This place in Madrid, which appeared in one of the most recent issues of Elle Decor, belongs to designer Lorenzo Castillo. This vast apartment is a study in contrasts. Both old world and absolutely modern, packed with objects but streamlined, intimidatingly sophisticated yet comfortable. The more I look at the photographs, the more impressive this feat of cohabiting contrasts seems. This sort of deftness cannot be taught; clearly Castillo has an innate sense of what just works. And the fact that he knows a whole lot about art and antiques doesn’t hurt either. I’m always amazed when designers can apply layers of stuff to an interior without suffocating a room. Read the online article and view the rest of the photos to get a better sense of the space HERE. But really, you should pick up a newsstand copy because reading about Lorenzo Castillo in print is so much better. (shhh! don’t tell my blog I said that!)

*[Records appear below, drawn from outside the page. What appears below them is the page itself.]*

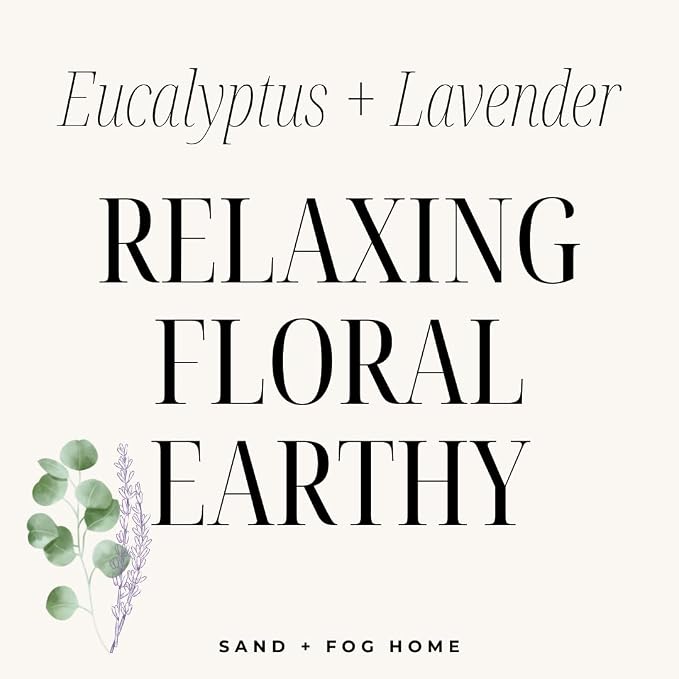 Sand + Fog Scented Candle - Eucalyptus & Lavender - Additional Scents and Sizes – 100% Cotton Lead-Free Wick - Luxury Air Freshening Jar Candles - Perfect Home Decor – 12 oz
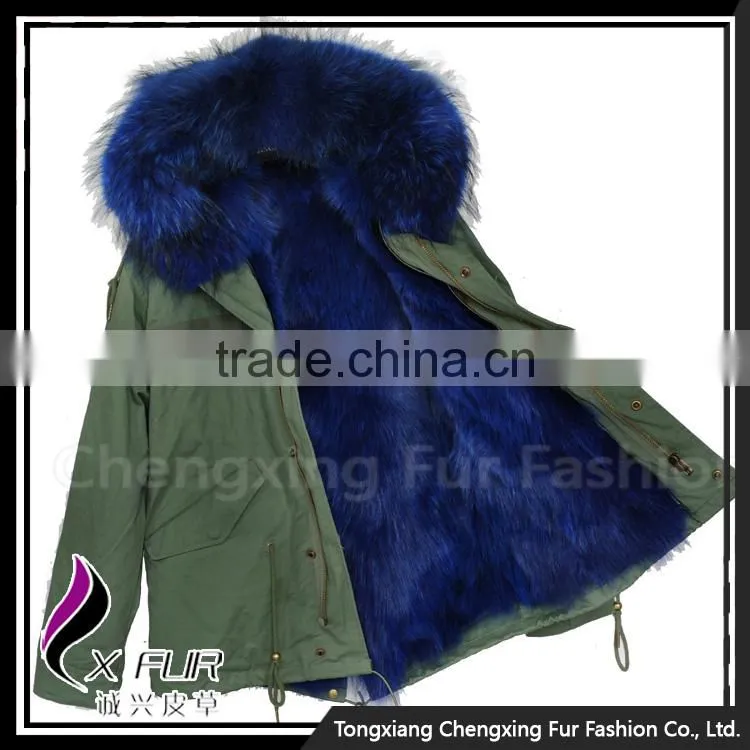 CX-G-P-05G Wholesale Parka Coat Genuine Fox Fur Girls Clothes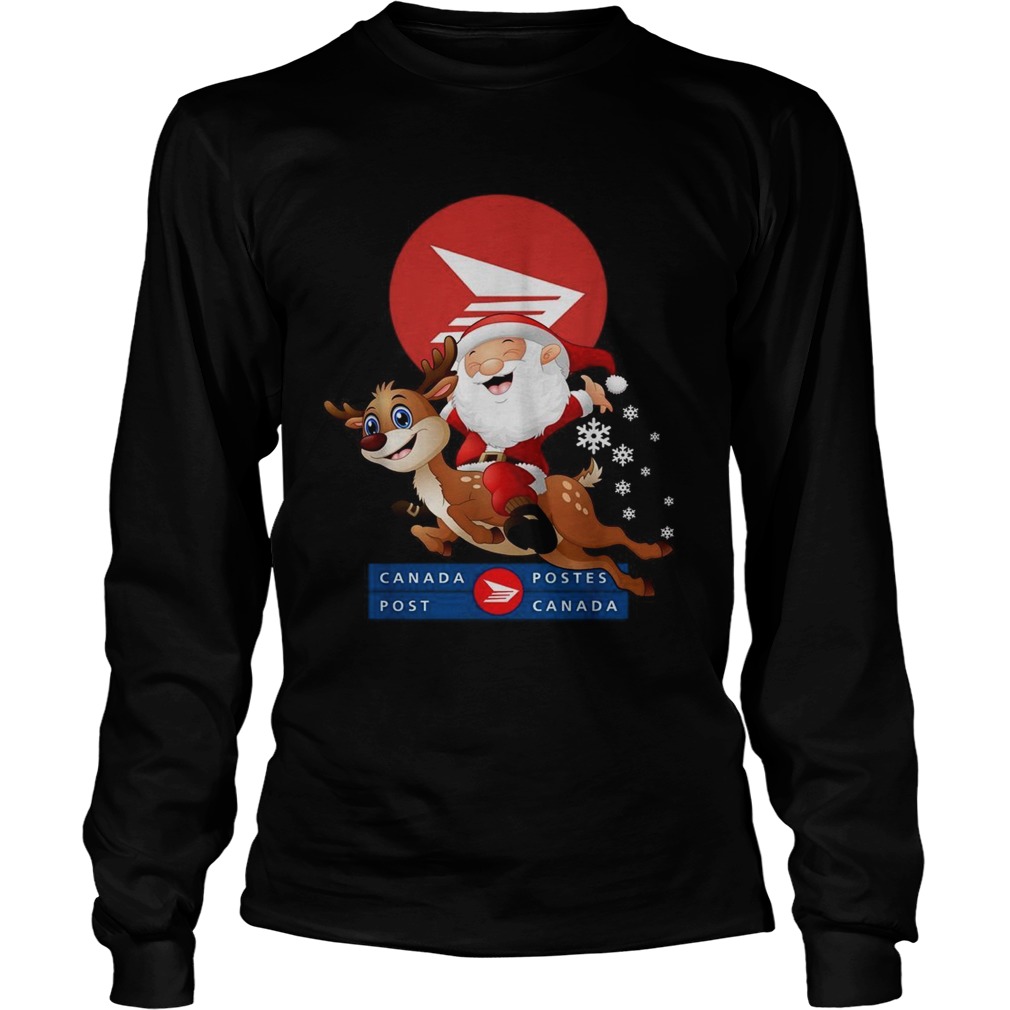 Santa Claus riding reindeer Canada Postes Christmas LongSleeve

When I read the March 2012 issue of Elle Decor I was struck by the fact that so many of the featured interiors seemed very of-the-moment. Not that there’s anything wrong with that. Then I took a look at supercalefragelistic stylist Jackie Astier’s apartment. Her place is so on-trend it is probably already considered outdated. At least by those in the know, including Jackie Astier herself. It wouldn’t surprise me to learn that since publication, she has traded her Karl Springer kidney cocktail tables for a stack of cinder blocks and a few planks, the latest in cocktail table chic. (Except that cocktail tables are now back to being called coffee tables. Hey: who started calling them cocktail tables anyway?) Speaking of the word chic, after reading, and, I’ll admit, genuinely enjoying the Jackie Astier feature, a phrase popped into my head: Relentless Chic. It must be exhausting to make being amazing seem so effortless. A round of applause, please, for all the cool girls in design. Especially for Kelly Wearstler, who would be the head cheerleader of them all — if only being a cheerleader was the type of thing these relentlessly chic girls did.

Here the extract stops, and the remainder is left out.